Impact of Female Leadership
Female senior authorship in all four regions showed significantly higher percentages of female first authors (p<0.001), total female authors (p<0.001), and percentage of female authors per manuscript (p<0.001) (Table 2, 3, 4, 5). Female senior authorship in the UK (OR: 4.56; 95% CI [3.66, 5.69]; p<0.001), the US (OR: 3.97; 95% CI [3.32, 4.74]; p<0.001), Germany (OR: 2.13; 95% CI [1.65, 2.71]; p<0.001), and East Asia (OR: 3.39; 95% CI [2.27, 4.99]; p<0.001) showed significantly greater odds for first female authorship (Table 6). 
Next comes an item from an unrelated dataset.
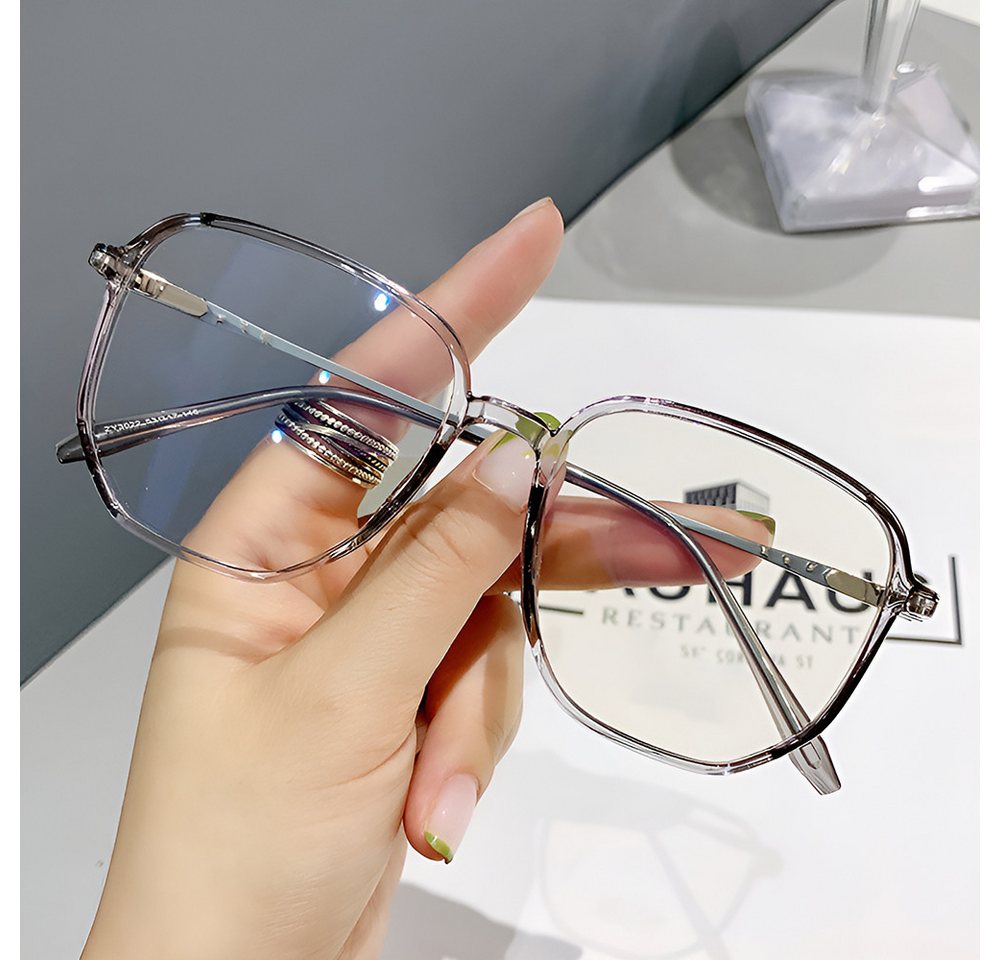 PACIEA Lesebrille Damen Herren Hexagonal Oversized Anti Blaulicht Mehrfarbig PACIEA Lesebrille Damen Herren Hexagonal Oversized Anti Blaulicht Mehrfarbig von PACIEA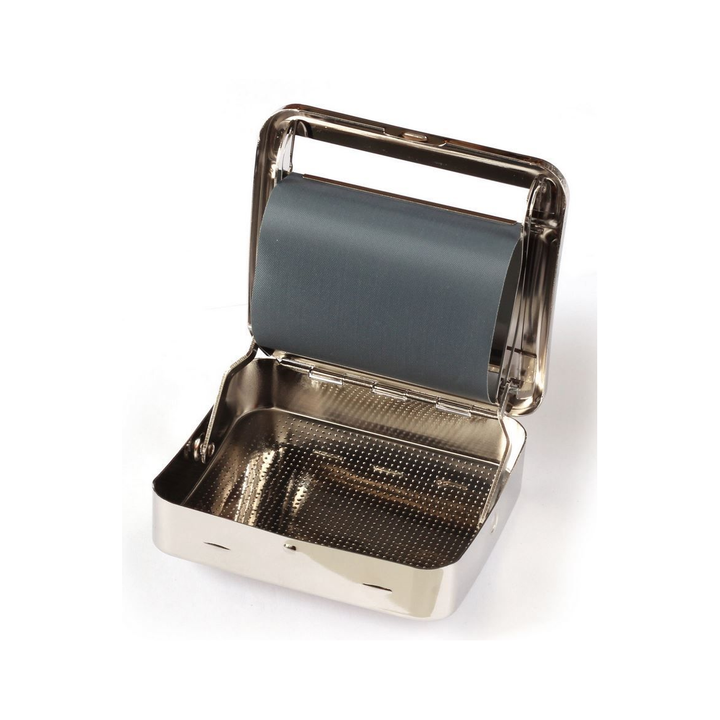 OCB Automatic Rolling Box beim Einlegen des Papers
Comparison of Female Authorship Odds by Country
The UK had significantly higher odds of first female authorship compared to the US (OR: 2.02; 95% CI [1.80, 2.27]; p<0.001), Germany (OR: 1.85; 95% CI [1.64, 2.10]; p<0.001), and East Asia (OR: 2.00; 95% CI [1.67, 2.41]; p<0.001) (Table 7). Most importantly, the UK had significantly higher odds of senior female authorship compared to the US (OR: 2.37; 95% CI [2.08, 2.70]; p<0.001) and East Asia had significantly higher odds of senior female authorship than the US (OR: 1.33; 95% CI [1.10, 1.60]; p = 0.003). Furthermore, the UK also had significantly higher odds of combined first and senior female authorship compared to the US (OR: 3.33; 95% CI [2.75, 4.04]; p<0.001). Lastly, Germany showed significantly decreased odds of combined first and senior female authorship compared to the US (OR: 0.65; 95% CI [0.50, 0.82]; p<0.001).

Discussion
The most important finding of this study is that the UK leads in promoting female authorship with the highest rates of female first, last, and combined authorship compared to the US. The UK had 24.0% of articles with first female authors, 18.3% of articles with first senior authors, 9.2% of articles with first and senior female authors, average female author per article at 1.52, average percentage of female authors per article at 23.58%. The US in comparison 13.5% of articles with first female authors, 8.7% of articles with first senior authors, 3.0% of articles with first and senior female authors, average female author per article at 0.84, average percentage of female authors per article at 14.27%. The UK uniformly leads across the board in female rates, while the US is the lowest or tied for the lowest in first female authorship rates, average female authors per article, and average percentage of female authors per article.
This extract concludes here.